Saturday, August 28, 2010

If an RSS feed falls in the forest


Barton Creek is flowing
Image by shainelee via Flickr



If an RSS feed falls in the forest of millions of websites, and nobody mentions it, does it mean nobody noticed?

This is a bit of a late post, insofar as Internet speed is concerned. It's so last week. Well known tech guy, Leo Laporte, had a bit of a meltdown after realizing that his Google Buzz had not been updating (http://leoville.com/buzz-kill) his twitter with his latest posts.

This caused Leo to question whether his social media presence is all in vain; because nobody noticed or mentioned it to him.

This, in turn, has caused others to question how valuable social media is in terms of reaching audiences.

Just to give you some perspective, Leo Laporte is a one-man media machine. He does the following:



  • Live broadcast radio show The Tech Guy (techguylabs.com).

  • Podcasts: This Week in Tech, iPad Today, This Week in Google, Windows Weekly, MacBreak Weekly, Security Now, net@night, Daily Giz Wiz, Munchcast

  • Blogs at leoville.com

  • Live video streaming.

Leo is on every imaginable social media website. All of them carry his content to his audiences. His blog alone has more than 223,000 subscribers. Many of those subscribers also subscribe to him through other services like Twitter, Facebook, Jaiku, identi.ca, Youtube, Justin.tv, and you get the idea. The point is, for his fans, Leo is available everywhere they turn.

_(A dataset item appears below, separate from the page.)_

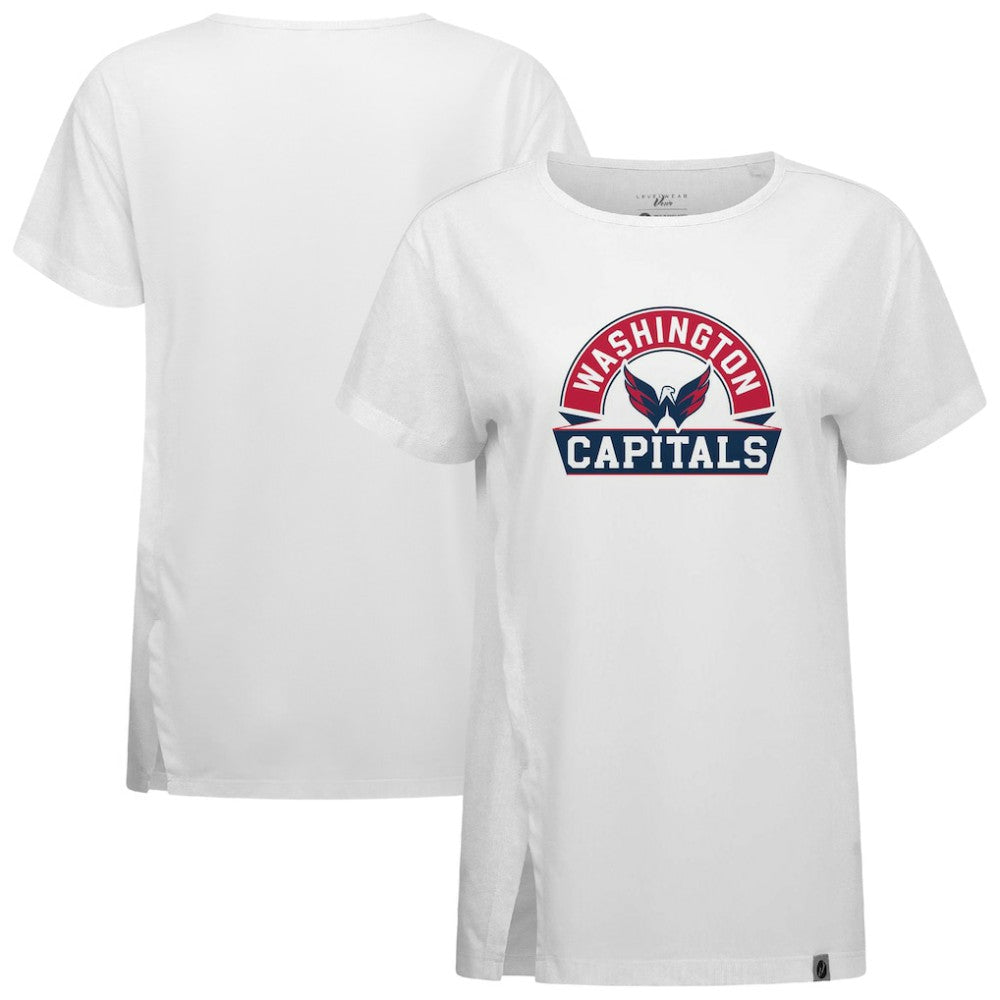 Washington Capitals Levelwear Women's Influx Banner Arch T-Shirt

If one of his channels drops off the map, it doesn't mean that nobody cared. In his case, it means that his other means of reaching out picked up the slack.

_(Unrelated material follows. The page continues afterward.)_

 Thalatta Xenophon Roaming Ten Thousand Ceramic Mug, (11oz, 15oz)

Leo Laporte is EVERYWHERE. His thousands of fans don't need Twitter updates to know about his latest broadcasts. We subscribe directly to his feeds.

Now, for somebody who is just starting out in social media, and relying entirely on Facebook or Twitter to reach their audience, it may seem like, "if nobody noticed Leo Laporte's content wasn't posting, nobody will notice mine."

You are right, but not the way you think.

If you are just starting out, firstly, you haven't an audience to notice such a thing. If you are starting off without an audience, you can't have negative subscribers, fortunately.

Secondly, once you do have an audience, they'll know where to find you. You do have a website, right? If you don't have a website and rely entirely on outside social media to interact with your audience, you are doing yourself a disservice.

Don't let Leo's experience make you think nobody is listening. One thing I learned early on is that there are a large number of people who consume your content; but don't interact. You could go for months and years without having known they were there, except in your website stats; but they like your work.

A vast majority of people will not interact with you. One thing that many of the big names in social media do is post their mobile numbers on their websites. They will tell you that they hardly get phone calls from their audiences. I've experimented with that as well, putting my phone number as my website subtitle. I've had two calls in 3 years, of which I'm aware. Most people are happy to remain anonymous.

I see my web stats. I have an audience. But most prefer consumption to interaction. Leo has a larger audience; but if you scale my stats up, you might see that a majority of Leo's audiences consume more than they interact too.

There are plenty of cases with hard data to show that people are listening on social media. But, you can't expect your audience to do your job of monitoring your content distribution for you. For all they know, a dropped channel was intentional. They won't take the time to notify you of something you may have done on purpose.